The compatibility of microcapsules with bulk concrete depends on a wide variety of factors. Major influencing factors are the size and volume fraction of microcapsules used, the capsules’ mechanical properties and interlock properties between the capsules and the surrounding materials [57]. The shape of the embedded capsule is another major factor that should be considered for compatibility issues. Spherically shaped capsules provide a more controlled and enhanced release of the healing agent upon breakage. It also reduces the stress concentrations around the void left from the empty capsule. However, a tubular capsule can cover a larger internal area of influence on the concrete for the same volume of a healing agent (higher surface area to volume ratio).

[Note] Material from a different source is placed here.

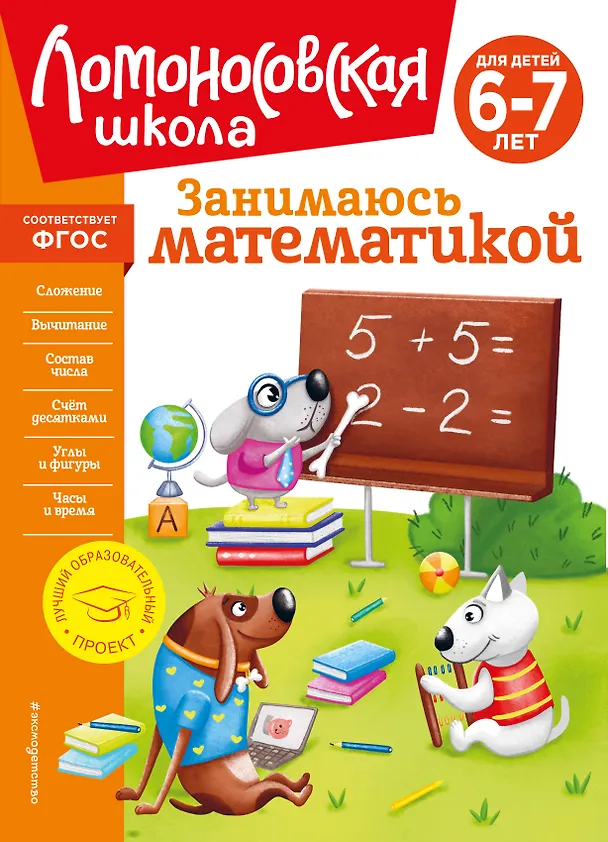 Книга Занимаюсь математикой: для детей 6-7 лет (Татьяна Сорокина) — 1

Yang et al. have investigated methyl methacrylate (MMA) as a monomer and triethylborane (TEB) as the healing agent and the catalyst [25]. In the investigation, about 50.2 and 66.8% reduction in permeability has been achieved within 3 and 30 days, respectively. Microscopic imaging confirms that some ruptured microcapsules existed and filled the cracks of the sample after 80% ultimate compressive strength at 28 days.
About 2% crystalline sodium silicate in polyurethane-encapsulated microcapsules with a diameter ranging from 40 to 800 μm increased 24% mechanical load recovery compared to 12% in the control samples [58]. However, the compressive strength of the composite reduced by 12% compared to that of the control mix. In the concrete containing microcapsules, sodium silicate reacts with calcium hydroxide of cement and produces a calcium-silica-hydrate (C-S-H) gel that heals the cracks partially. The C-S-H further reacts with dissolved CO2 in water and sodium oxide, which produced calcium carbonate. This is similar to the main hydration phase of cement, which causes strengthening.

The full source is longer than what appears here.